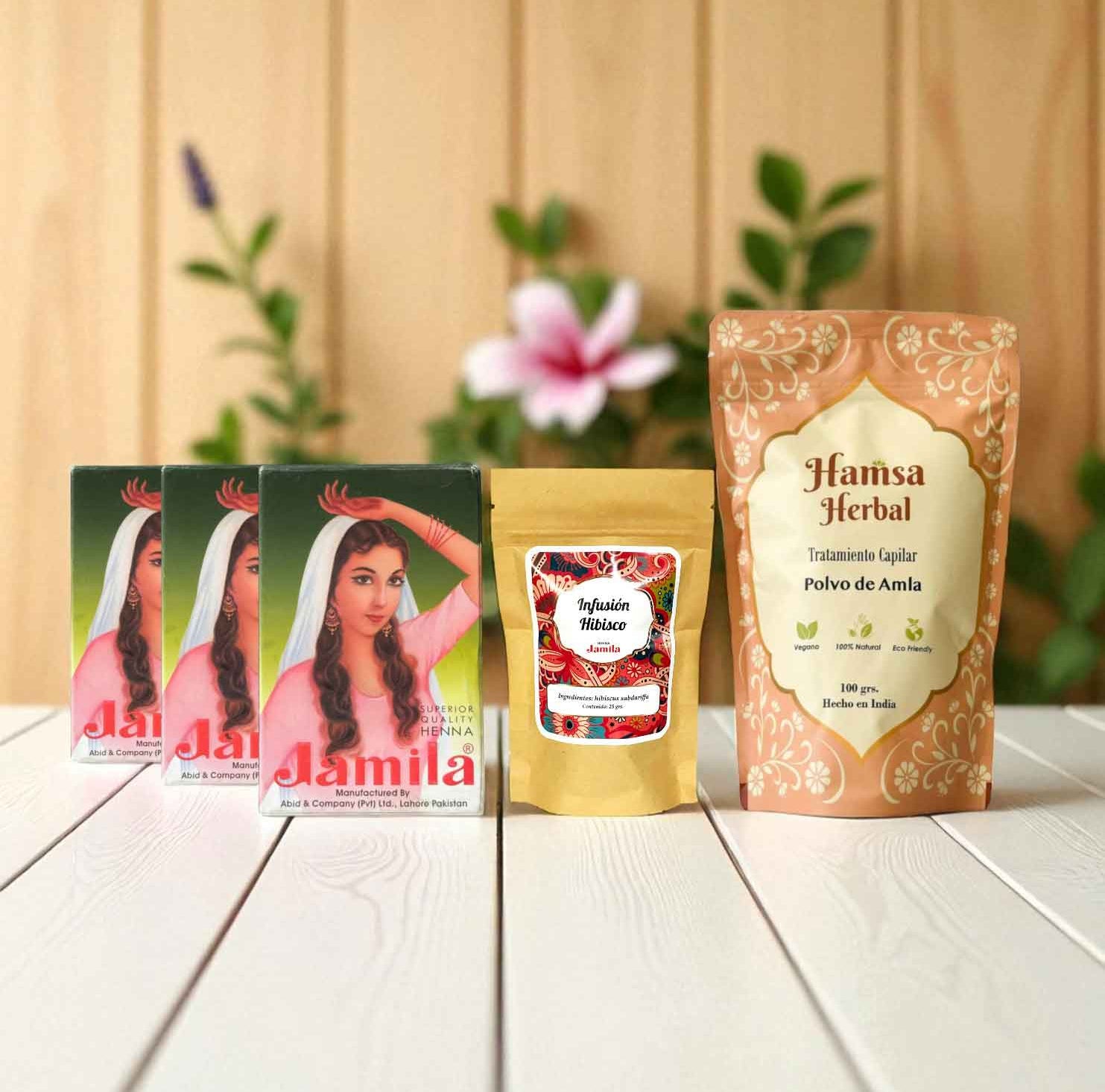 Pack Ritual Esencial Henna Jamila Hair - Cobrizo Natural y Duradero - Henna Lovers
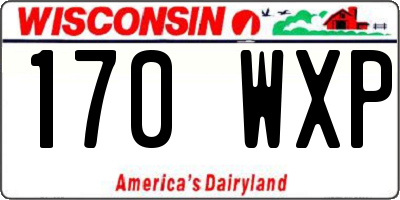 WI license plate 170WXP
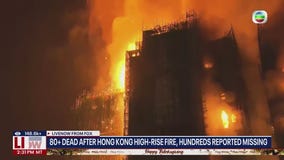 Hong Kong high-rise fire: death toll rises to 83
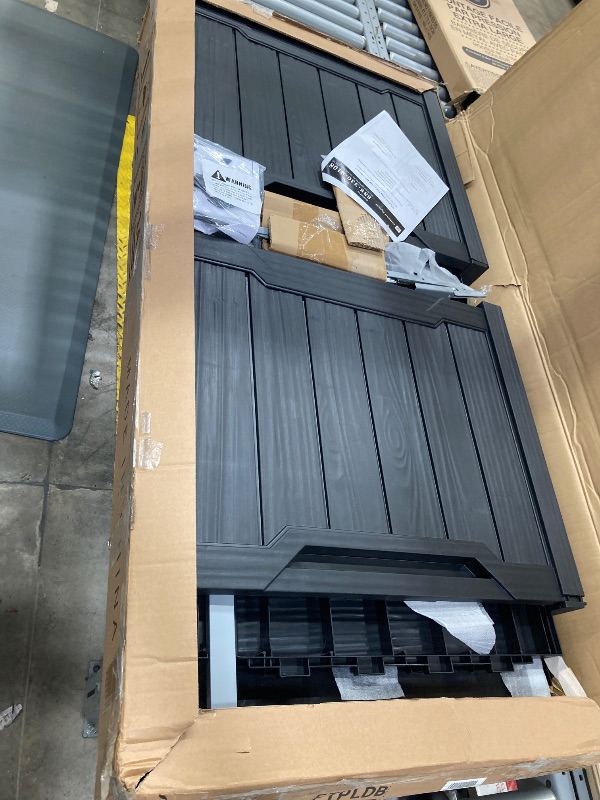 Photo 1 of 180 Gallon Double-Wall Resin Deck Box - Lockable Waterproof Outdoor Storage Box, 1000lbs Capacity & Doubles as Seating for Patio Furniture - Garden Tools, Pool Accessories (Black)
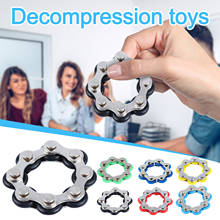 Fidget Toys Bicycle Chain Stress Relief Toys Autism Stress And Anxiety Relief Toys Антистресс Для Рук Antistress Funny Gadgets 2024 - buy cheap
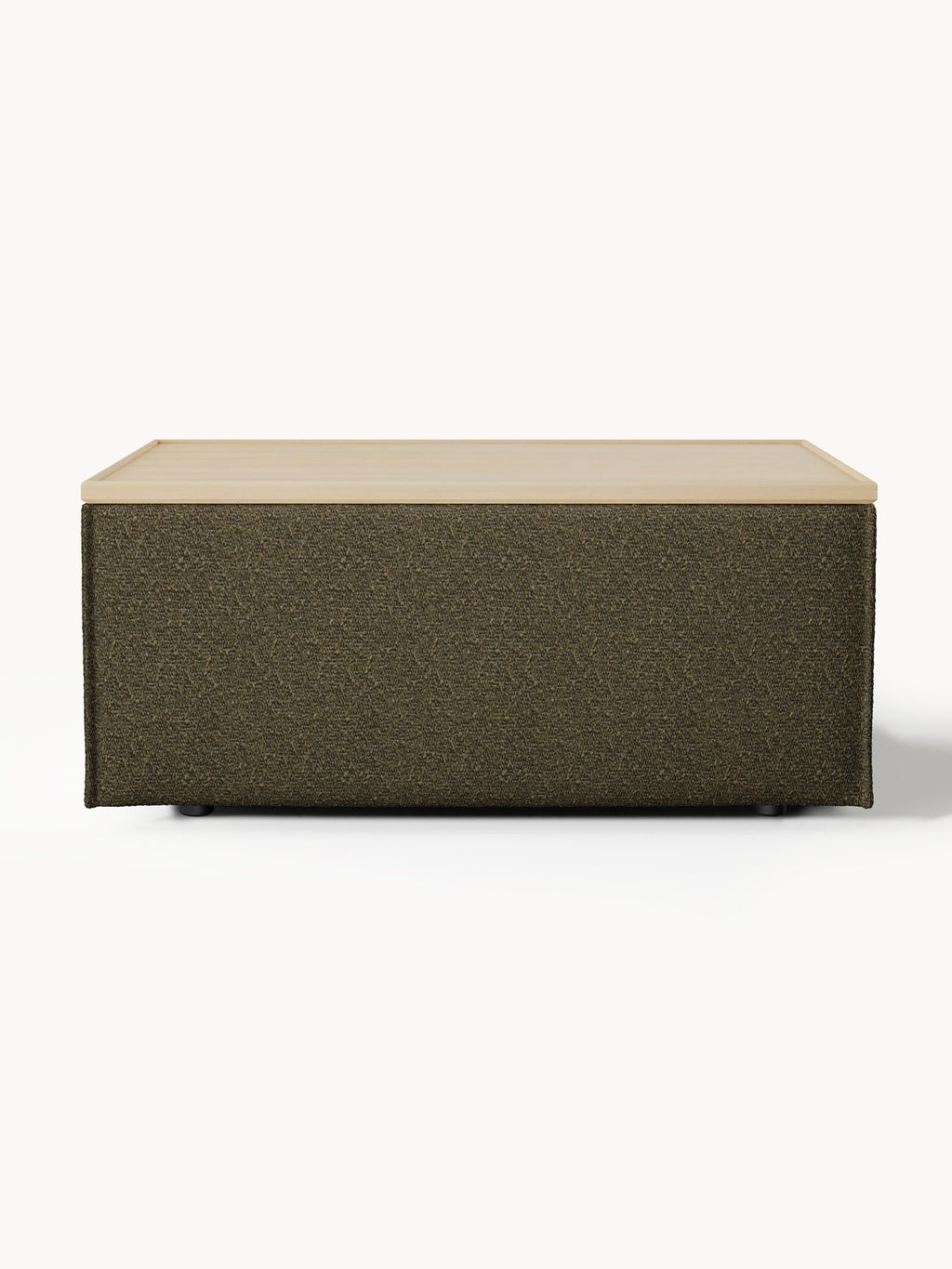Sofa-Hocker Lennon aus Bouclé mit Stauraum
---------------
> _WHAT YOU WILL DO_:
Without the pictures, repeat every record above exactly as written.

> _COMPLETED EXERCISE_:
 Pack Ritual Esencial Henna Jamila Hair - Cobrizo Natural y Duradero - Henna Lovers
 WI license plate 170WXP
 Hong Kong high-rise fire: death toll rises to 83
 Photo 1 of 180 Gallon Double-Wall Resin Deck Box - Lockable Waterproof Outdoor Storage Box, 1000lbs Capacity & Doubles as Seating for Patio Furniture - Garden Tools, Pool Accessories (Black)
 Fidget Toys Bicycle Chain Stress Relief Toys Autism Stress And Anxiety Relief Toys Антистресс Для Рук Antistress Funny Gadgets 2024 - buy cheap
Sofa-Hocker Lennon aus Bouclé mit Stauraum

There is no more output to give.